Cast your mind back to Computex 2018 and you may recall Intel's not unsuccessful attempted to steal the headlines with their heavily reported Keynote. The centrepiece of said keynote was the unveiling and demonstration of a new 28-core Skylake-X CPU, overclocked to 5GHz and absolutely crushing the Cinebench R15 Multi-Core Performance charts. In the following days that demo was to be mired in controversy, but we're not here to retread past misadventures.
It's now over six months from that fateful unveiling and the CPU - known as the Intel Xeon W-3175X - has now started cropping up at some etailer pages, as laid out by Intel a few months ago. For now at least only pre-release/pre-order pricing is listed, set at an extremely premium ~$3,999, but that could very easily change.

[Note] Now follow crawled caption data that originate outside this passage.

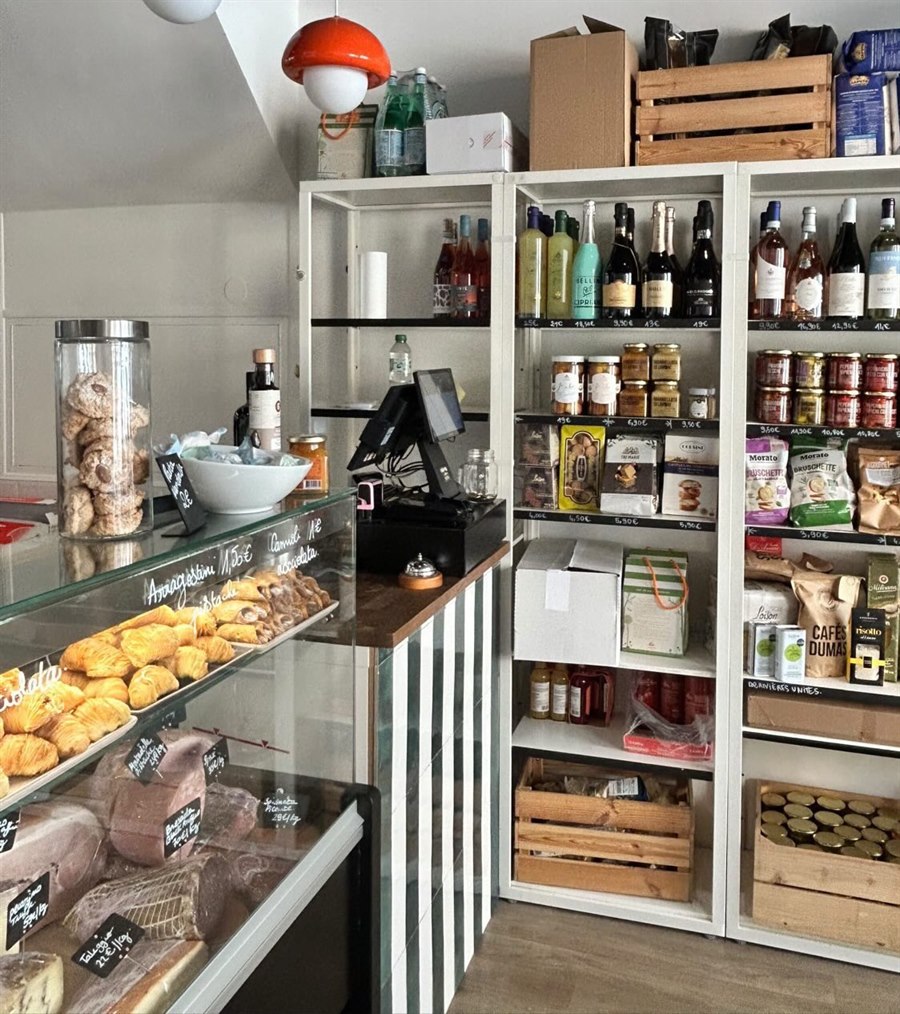 L'intérieur de NOVAROSA : la vitrine des pâtisseries et de la charcuterie, et les étagères de vins et de produits italiens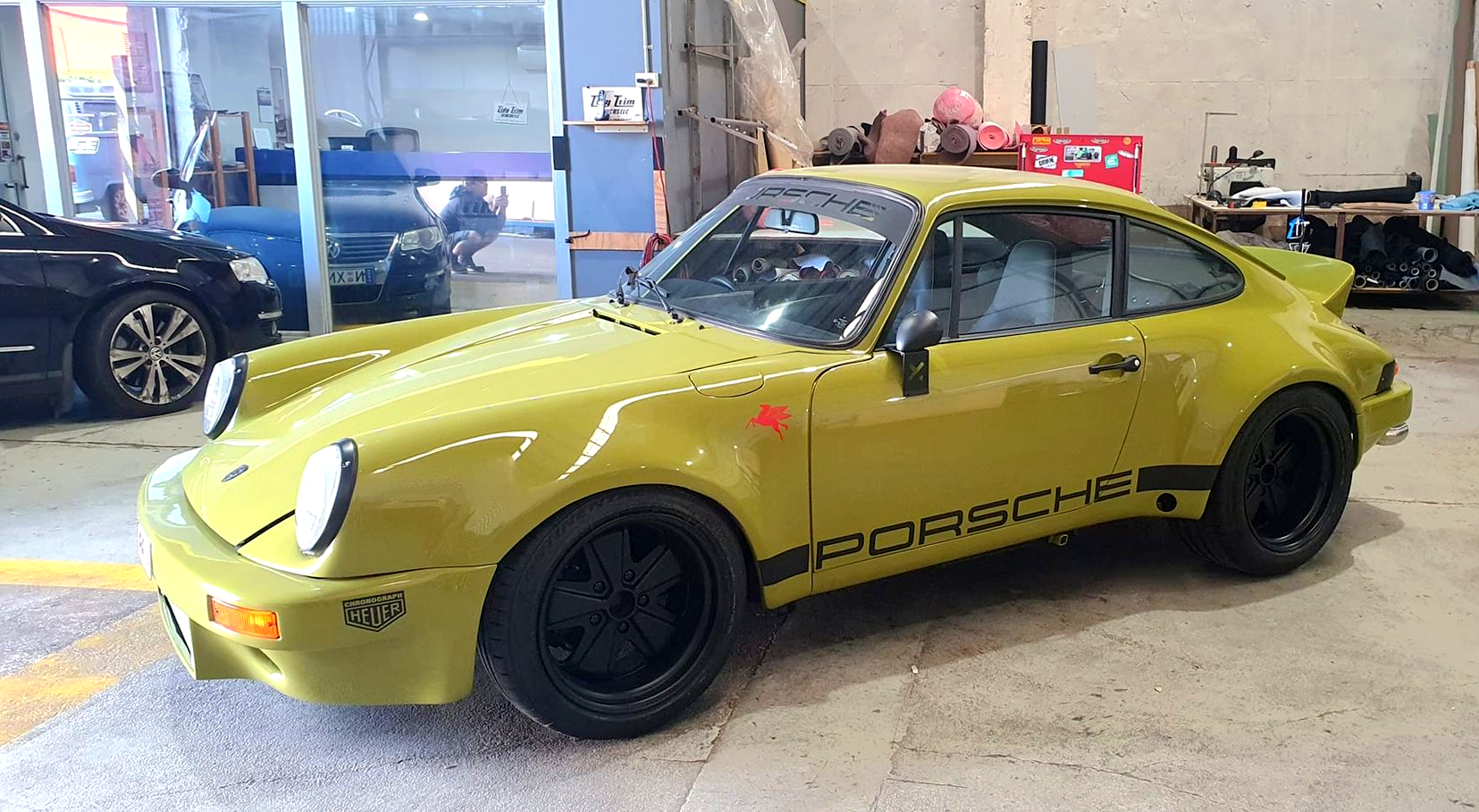 A mustard yellow classic Porsche 911 coupe with black rims and side decals — Tidy Trim Newcastle in Carrington, NSW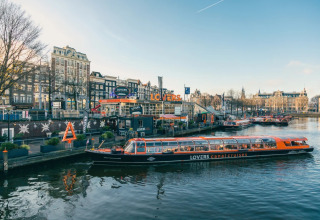 Scenic view of a LOVERS canal cruise boat docked in Amsterdam surrounded by festive city holiday decorations.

Although initially unveiled as a Skylake-X SKU, the design shares little in common with present Intel HEDT chips. Perhaps most significantly the design demands a server-class motherboard based on the Intel C621 chipset (potentially sold under new branding) and an LGA3547/LGA2018P socket, but you get an immense amount of horsepower despite (or perhaps because of) that restriction.
It remains to be seen how well the Xeon W-3175X will compare to AMD's flagship 32-core, 64-thread Threadripper CPU, its obvious competitor. And with AMD's EPYC Rome architecture set to debut in early 2019, one imagines the window for a successful launch is closing fast.
And remember: if you want to get 5GHz out of this beast, you're likely to need some pretty exotic cooling.